Information shown ->
────────────────────────────────────────

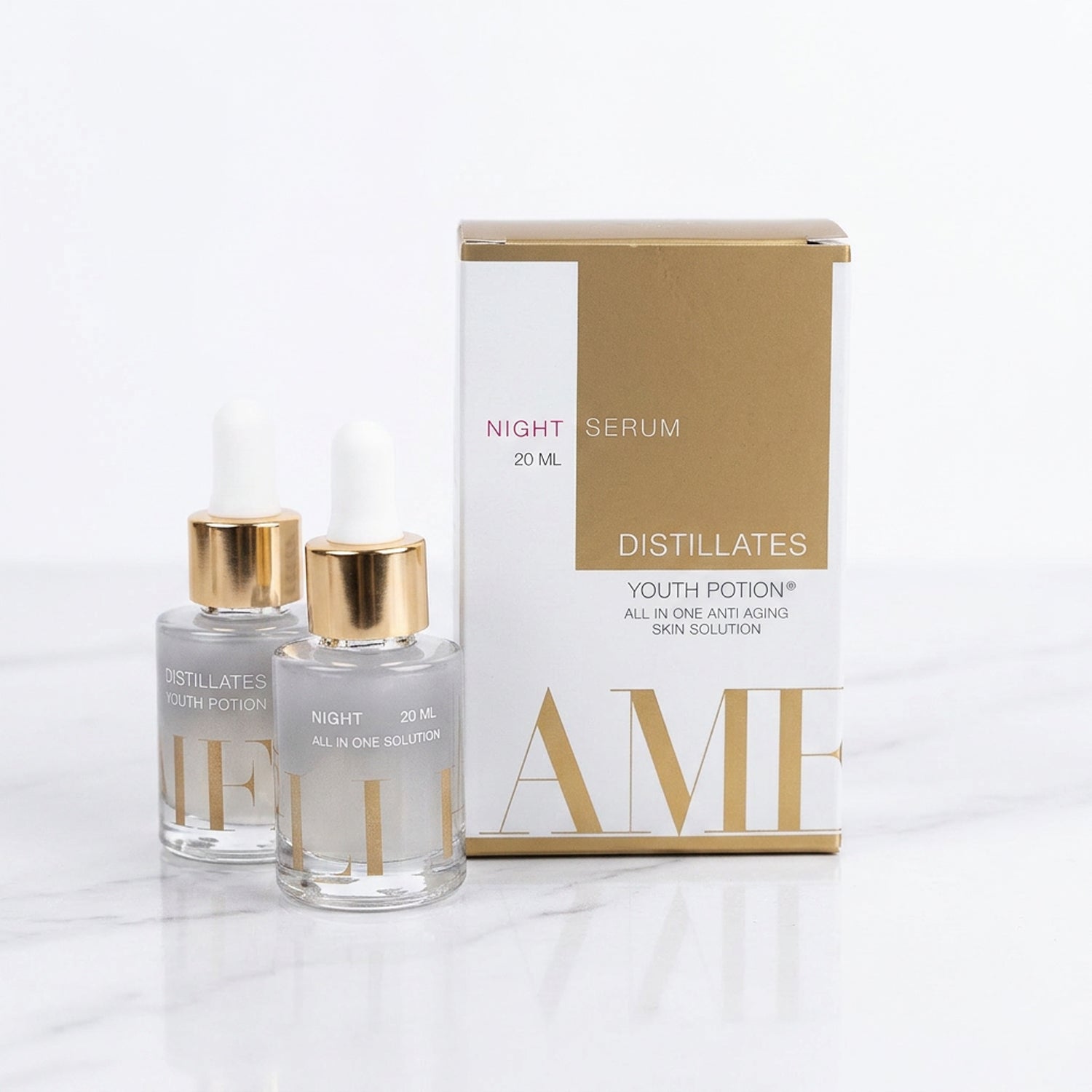 AMELLE NIGHT SERUM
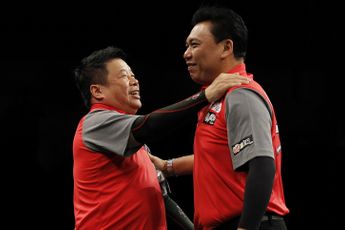 Paul and Harith Lim set to return for Singapore at World Cup of Darts
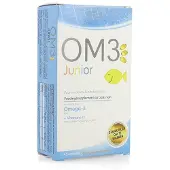OM3 Junior 45 pc(s) Capsule(S)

────────────────────────────────────────

Task instructions ->
Copy the entire listing exactly but skip the pictures.

Task result ->
 AMELLE NIGHT SERUM
 Paul and Harith Lim set to return for Singapore at World Cup of Darts
OM3 Junior 45 pc(s) Capsule(S)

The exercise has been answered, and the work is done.